Ook is er onduidelijkheid over de activa van [gefailleerde] . In de publicatiebalansen 2017, 2018 en 2019 staan materiële vaste activa en voorraden opgenomen, terwijl deze door de curator niet zijn aangetroffen. Een voorraadadministratie en materiële activa-staten over 2017 t/m 2020 ontbreken. [gedaagde sub 2] voert in dit verband aan dat [gefailleerde] het door haar gehuurde pand eind augustus 2020 hals over kop moest ontruimen, dat er toen in verband met de coronapandemie nog maar weinig van waarde in de winkel aanwezig was, dat [gefailleerde] het pand heeft leeggehaald en de opgehaalde spullen naar de stort heeft gebracht, en dat een beperkt deel van de inventaris en voorraad, en ook een deel van de administratie in het pand is achtergebleven. Dat het hier zou gaan om de voorraadadministratie en/of om materiële activa-staten, is door [gedaagde sub 2] niet gesteld. De rechtbank acht het niet erg aannemelijk dat [gefailleerde] er bij de ontruiming van haar pand voor zou hebben gekozen om alleen die spullen op te halen die direct naar een stortplaats konden worden gebracht, en om een deel van de administratie in het pand achter te laten. Hoe dan ook ontbreken administratieve gegevens over voorraden en andere activa.
5.14.
Ook de omstandigheid dat door [gefailleerde] vanaf het tweede kwartaal van 2019 alleen nog maar nihil-aangiftes voor de omzetbelasting werden gedaan, terwijl er nog wel met omzetbelasting belaste goederen werden ingekocht en verkocht, in combinatie met het ontbreken van een bijgewerkte boekhouding, bemoeilijkt het verkrijgen van een goed zicht op de werkelijke financiële positie van [gefailleerde] . De Belastingdienst heeft ambtshalve aanslagen opgelegd waarvan niet bekend is in hoeverre die al dan niet terecht zijn.
5.15.
Tot slot wordt het zicht op de financiële situatie van [gefailleerde] bemoeilijkt doordat in 2020 maandenlang betalingen aan en van [gefailleerde] via de privébankrekening van de echtgenote van [gedaagde sub 2] zijn gelopen, zonder dat sprake was van een heldere rekening-courantverhouding.
5.16.
Dit alles brengt de rechtbank tot het oordeel dat de boekhouding van [gefailleerde] niet voldoet aan de eisen die daaraan in artikel 2:10 lid 1 BW zijn gesteld.

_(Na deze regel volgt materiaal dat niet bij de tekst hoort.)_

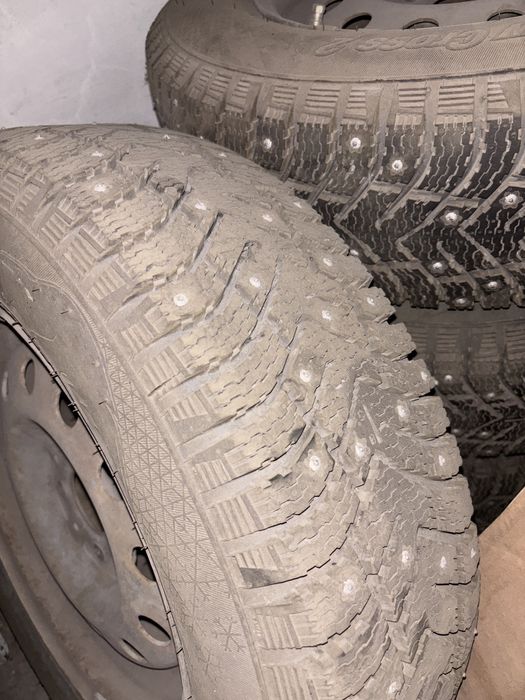 Шины с дисками 185/70/R14 92Т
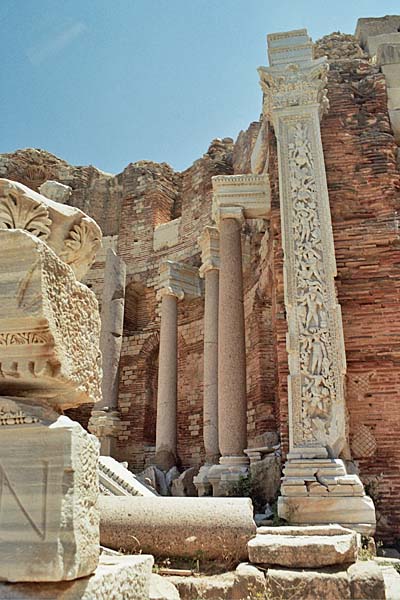 LeptisMagna_BasilicadeiSeveri2.jpg - La Basilica dei Severi, abside sud-orientale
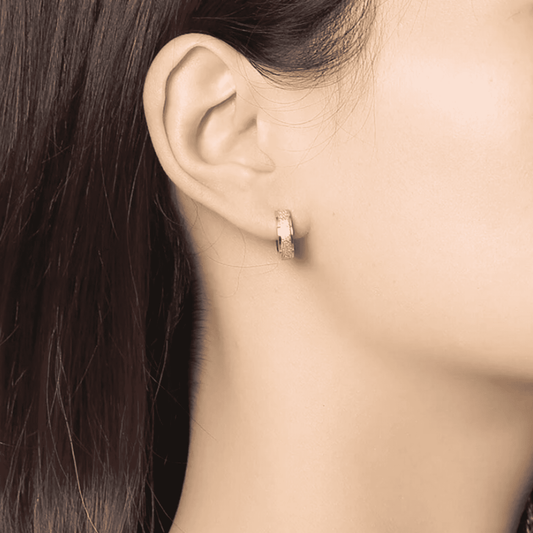 Casual Huggie Earrings in White Gold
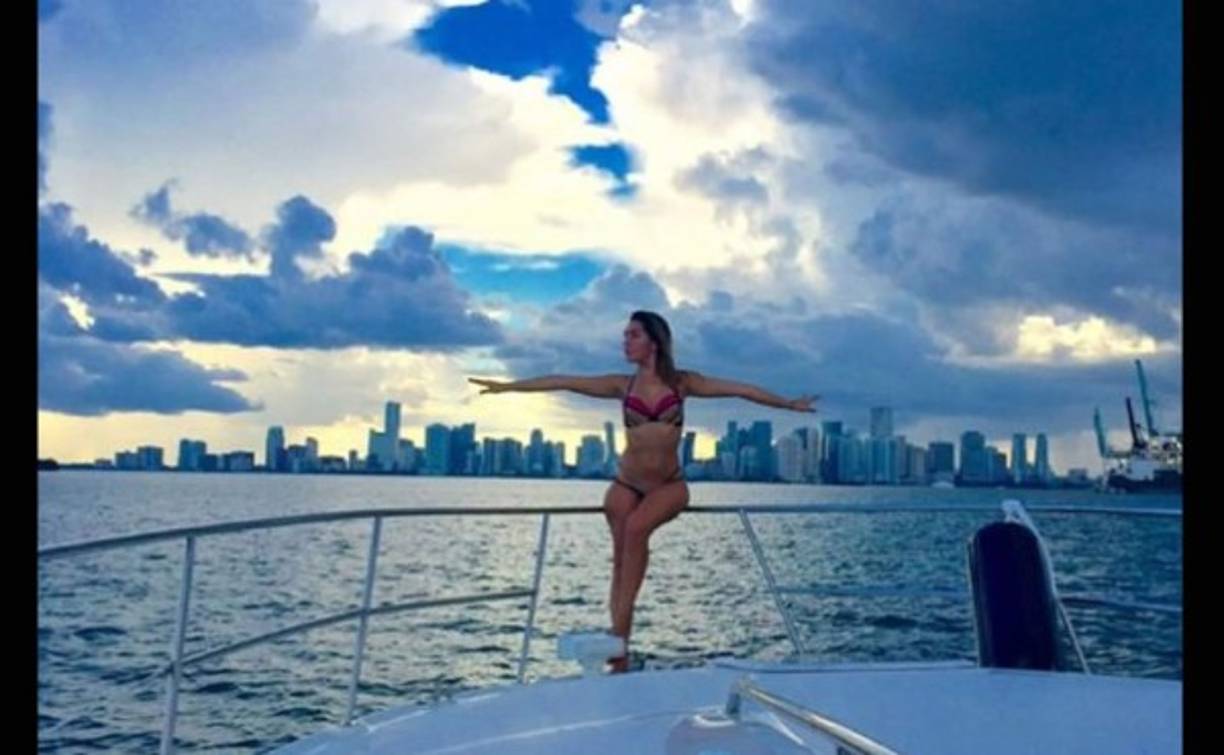 En la candente edición de febrero, además de presumir sus encantos, la hija de la Guzmán reveló que después de hacer ejercicio descubrió que es una mujer muy sensual.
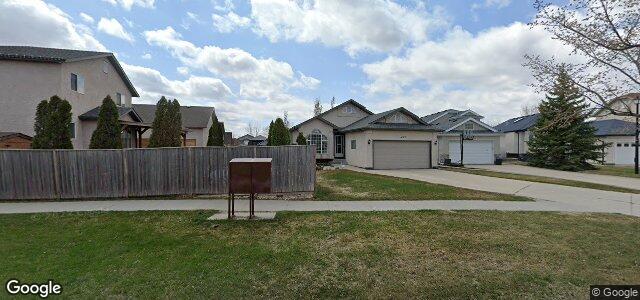 Photo of 452 Island Shore Boulevard in Winnipeg, Manitoba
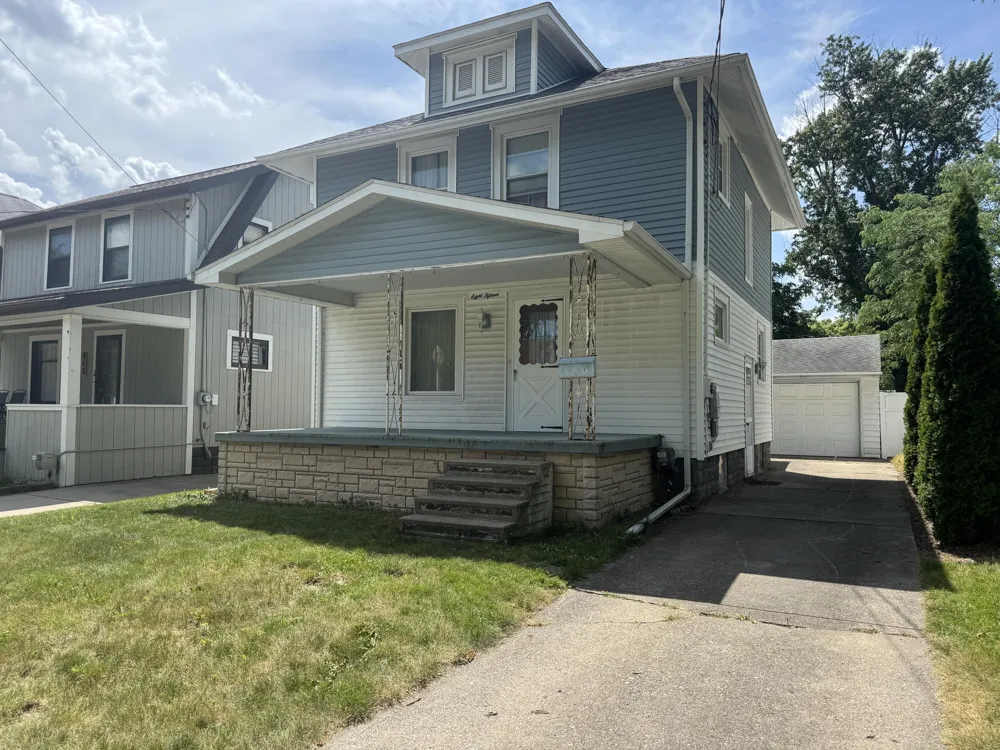 815 Francis Avenue Lansing, MI 48912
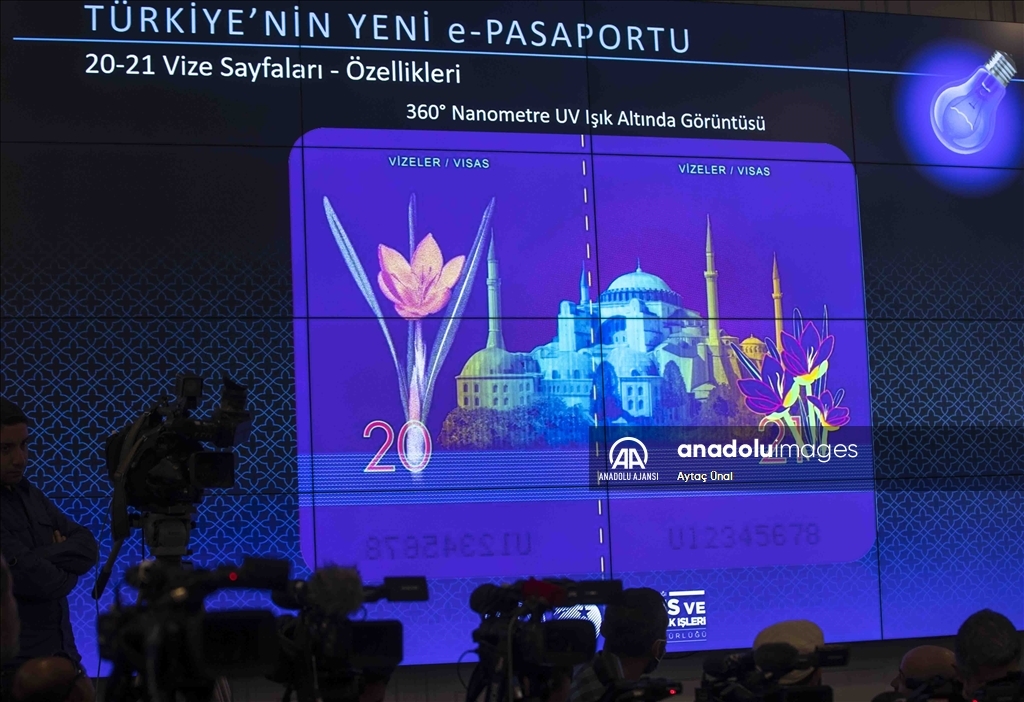 Bakan Soylu, yerli pasaport ve yeni sürücü belgesinin tanıtımını yaptı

De boekhouding van [gefailleerde] was in de drie jaren vóór het faillissement niet van een zodanig niveau dat men daaruit op elk moment - eventueel na enig nader onderzoek - een redelijk inzicht kon krijgen in haar schulden en vorderingen, of meer in het algemeen in haar vermogenspositie. Door de onvolledigheid van de administratie kan bovendien zelfs bij uitvoerig onderzoek dat inzicht niet worden verkregen. Dat [gefailleerde] zelf ook geen goed zicht had op haar schuldpositie per datum faillissement, blijkt uit het feit dat zich bij de curator meerdere crediteuren hebben gemeld die niet voorkomen op de lijst van schuldeisers die de echtgenote van [gedaagde sub 2] aan de curator heeft verstrekt.
5.17.
De conclusie moet daarom luiden dat sprake is geweest van een schending van de boekhoudplicht door het bestuur van [gefailleerde] .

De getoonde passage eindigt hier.